16. There is however a noticeable difference in the language of the present Code as compared with that of 1872. In Ss 294 and 295 of the latter, there is not, as there is in Section 435 of the present Code, any mention of the correctness of the finding in Section 296 which in a measure corresponds to Section 436 and Section 348 of the present Code. It-is only when the judgment or order is contrary to law or the punishment too severe or indequate, that a case may be reported for orders of the High Court. It was only in the case of dismissals of complaints under Section 147 (corresponding to the present Section 203) that power to direct an inquiry or a further inquiry as it is called in the section as amended, was given.
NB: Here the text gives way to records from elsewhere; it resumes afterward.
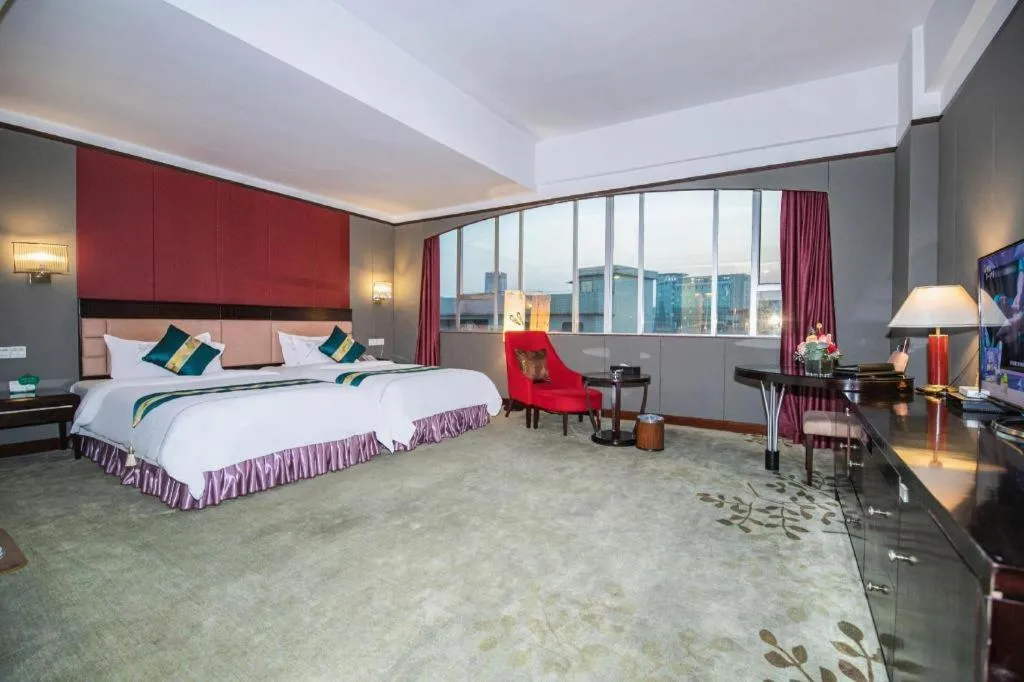 Bed in Shunde Emperor Hotel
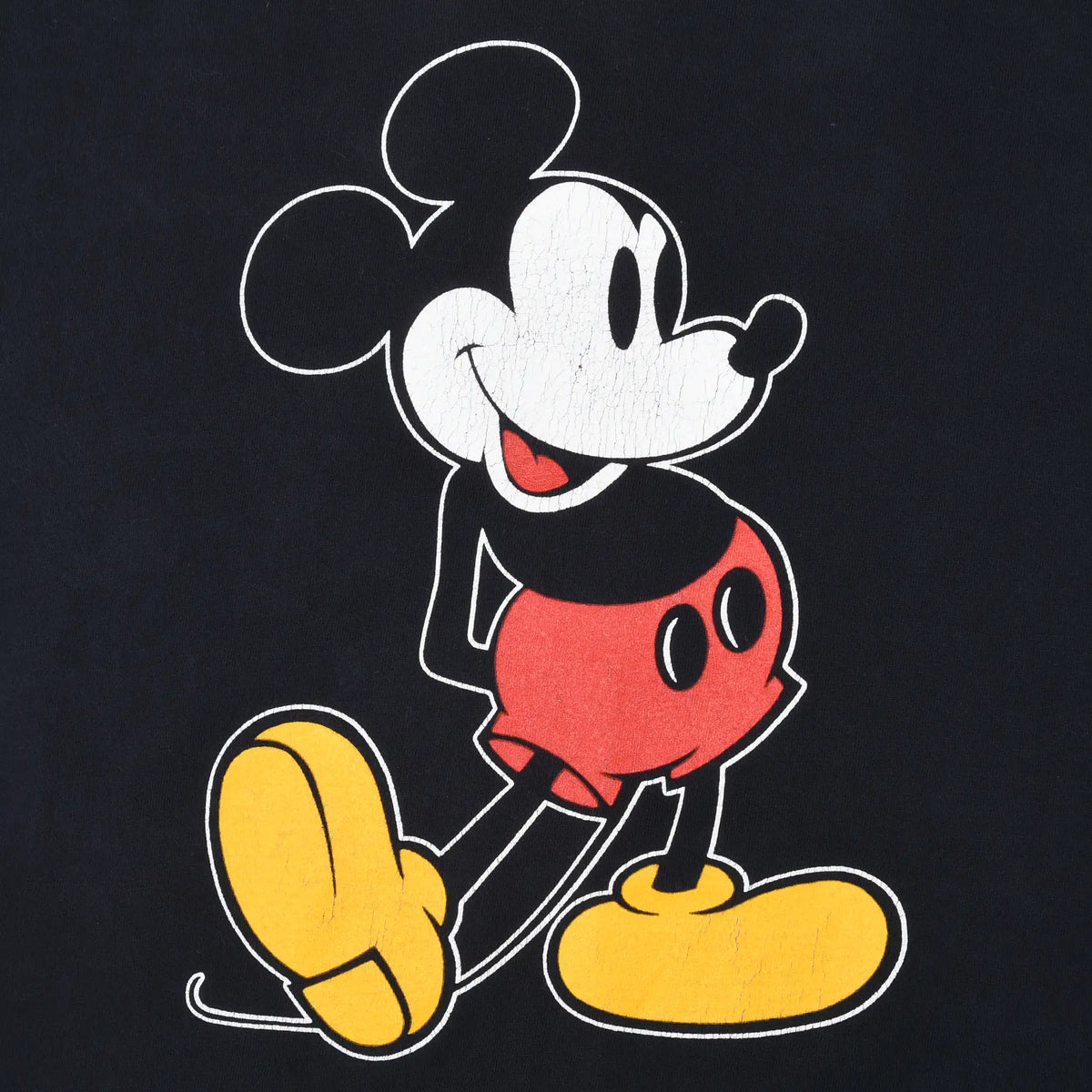 Close-up of Mickey Mouse print with red shorts and yellow shoes on black fabric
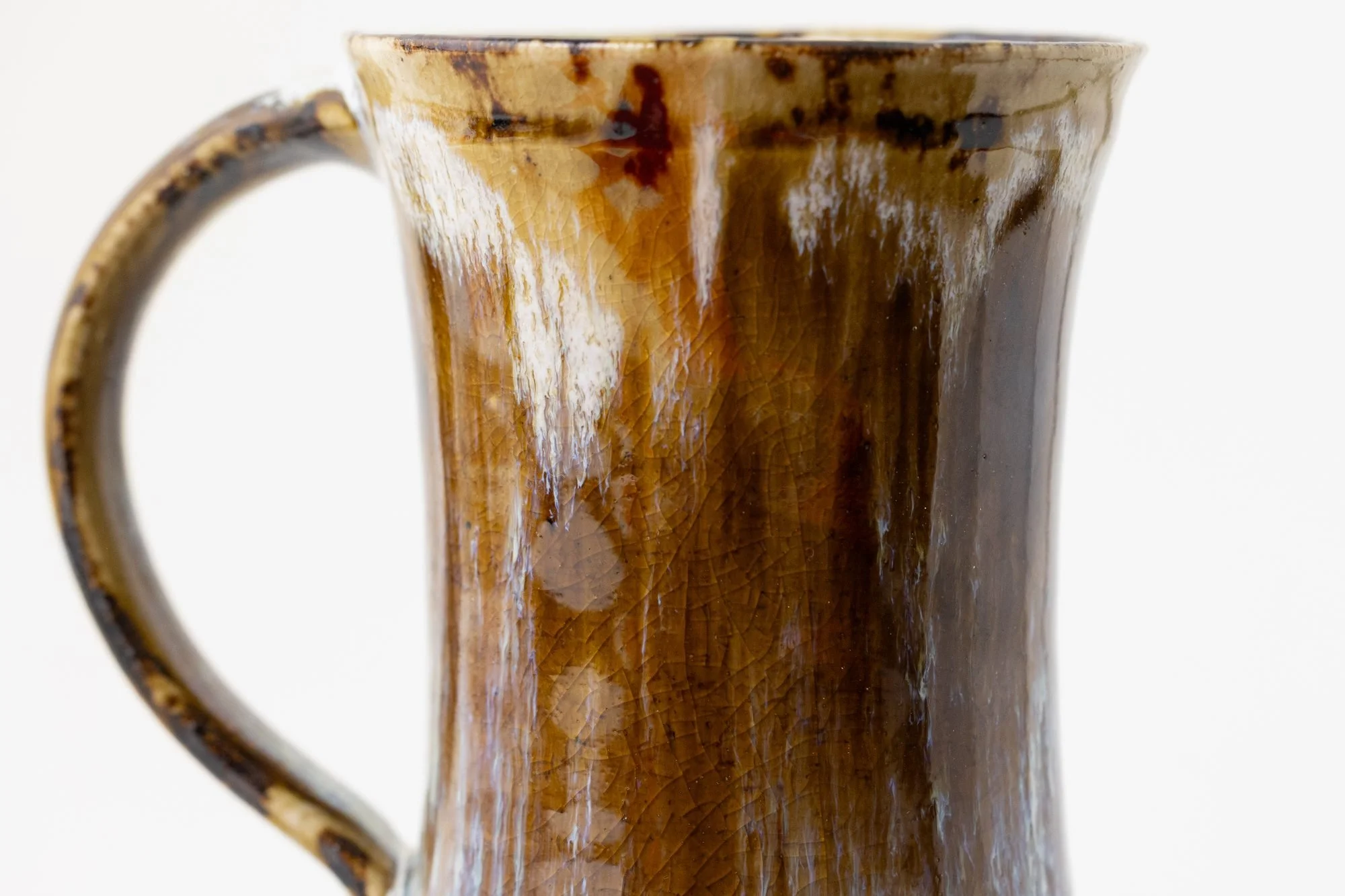 Close view of a mug with amber and white glaze runs and a pulled handle, on a white background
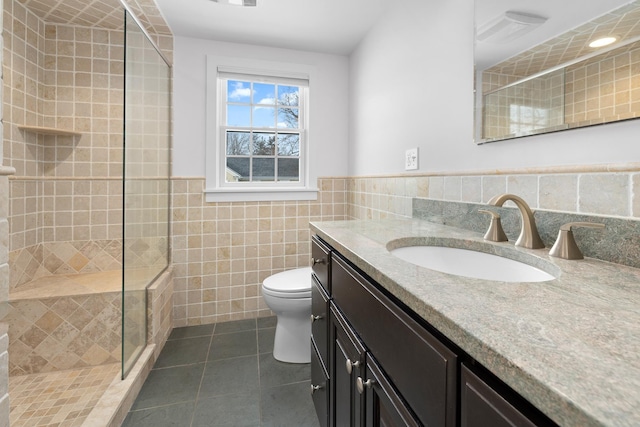 bathroom with tile patterned floors, toilet, an enclosed shower, tile walls, and vanity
It was held upon this Code that in cases not coming within Section 296, i.e. cases exclusively triable by a Sessions Court, the District Magistrate could not order a fresh inquiry except in cases in which further evidence was forthcoming.
17. Considering the altered language of the present Code, I think that the inference rather is that it was intended to alter the law and give more latitude to the Sessions Court and District Magistrate in dealing with cases of improper discharge of accused persons. I agree that the term 'further inquiry' means 'an inquiry in addition to that which has already been held,' but I do not understand and why it should necessarily involve the taking of additional evidence ; for an inquiry means more than the taking of evidence. It means also the consideration of the evidence taken. I would adopt what Wilson, J., says with regard to the expression in Haridas Sanyal v. Saritulla I.L.R. (1888) 15 C. 620. As is pointed out in the judgment in the Bombay case Queen v. Dorabji Hormasji I.L.R. (1885) 10 B. 146 the Code itself Shows that there might be a further inquiry without additisnal evidence (see Rs. 375 and 380).
18. For these reasons I would answer the question referred in the affirmative.